I want to read the content from PDF but i am getting error as unknown protocol blob —
URL - blob:https://*URL.com/61416417-e048-43ce-9bf7-2f0d3c1adb49.pdf
My code-
String validatePDFContent(String PDFURL) throws IOException{
println “--------------------------------PDF reading started----------------------------”
URL TestURL = new URL(PDFURL);
BufferedInputStream bis = new BufferedInputStream(TestURL.openConnection());
PDDocument doc = PDDocument.load(bis);
PDFTextStripper pdfStripper = new PDFTextStripper();
String pdfText = pdfStripper.getText(doc);
println(pdfText);
Assert.assertTrue(pdfText.contains(“Member ID”))
doc.close();
bis.close();
println(“Done”)
}
if you are able to download file then you can read it like this way
import org.apache.pdfbox.pdmodel.PDDocument
import org.apache.pdfbox.text.PDFTextStripper
import org.apache.pdfbox.text.PDFTextStripperByArea;
PDDocument document = PDDocument.load(new File("C:\\Users\\xxx\\Desktop\\BLOB\\49f93860-4d86-49c3-b6ed-003b1d41dda9.pdf"))
document.getClass();
if (!document.isEncrypted()) {
PDFTextStripperByArea stripper = new PDFTextStripperByArea();
stripper.setSortByPosition(true);
PDFTextStripper tStripper = new PDFTextStripper();
String pdfFileInText = tStripper.getText(document);
// split by whitespace
List lines = pdfFileInText.split("\\r?\\n");
for (String line : lines) {
System.out.println(line);
}
}
Hi,
The above code is working fine for PDF read with correct PDF URL
but in my case PDF URL contains blob at the start of URL.
See below screen shot for error.
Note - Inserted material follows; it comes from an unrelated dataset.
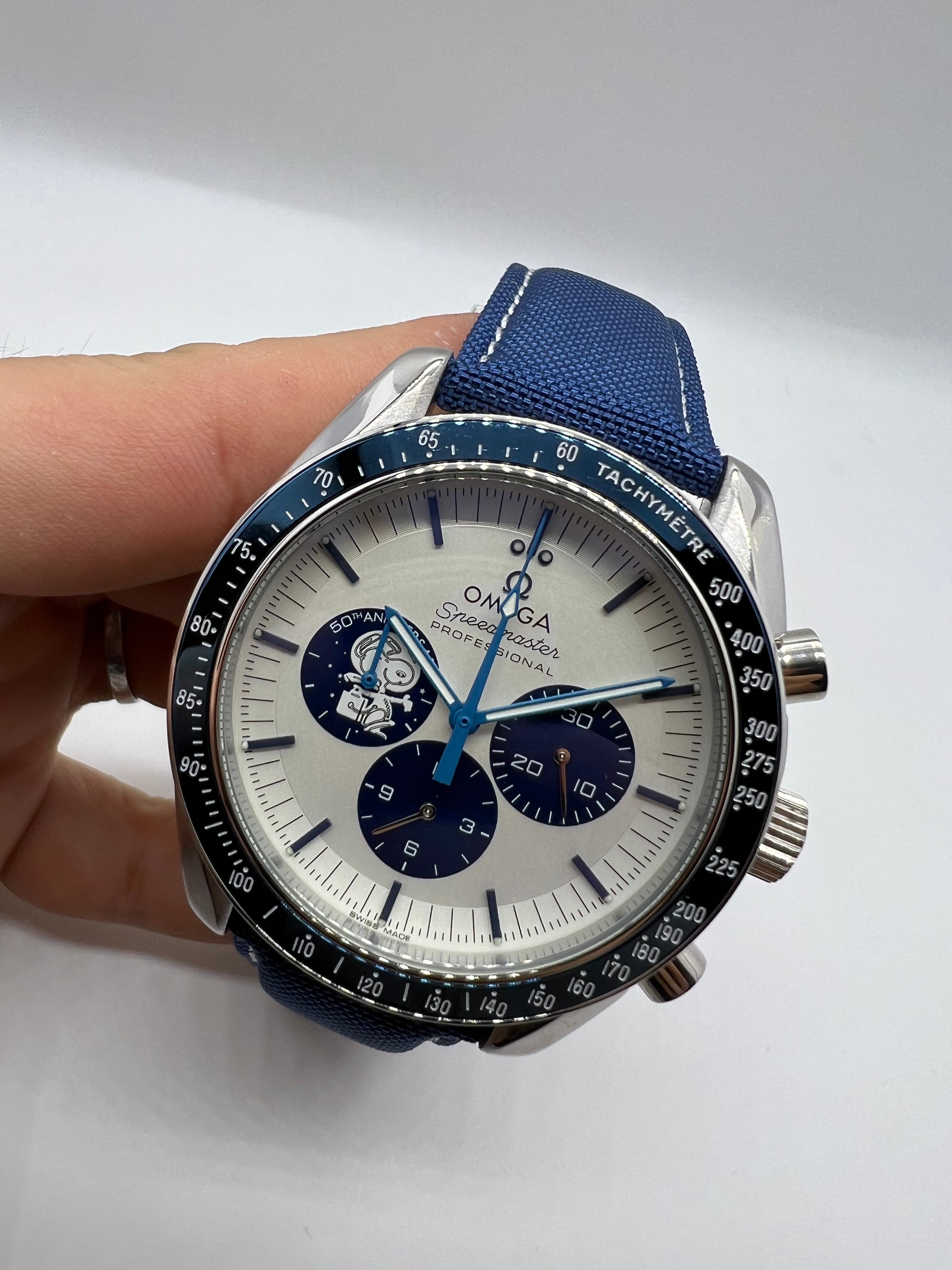 Omega Speedmaster Professional “Snoopy Award” — Omega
I have passed my URL in your code.
The URL scheme blob: is not supported by the java.net.URL bundled in the OpenJDK as default.
If you want to use the blob:, then you need to configure the java.net.URL class.
The URL scheme data: is not supported as well, and I have ever tried to configure the java.net.URL class to recognize the data: scheme. I was successful. The following post tells what I did:
The same procedure should apply to the blob: scheme as well.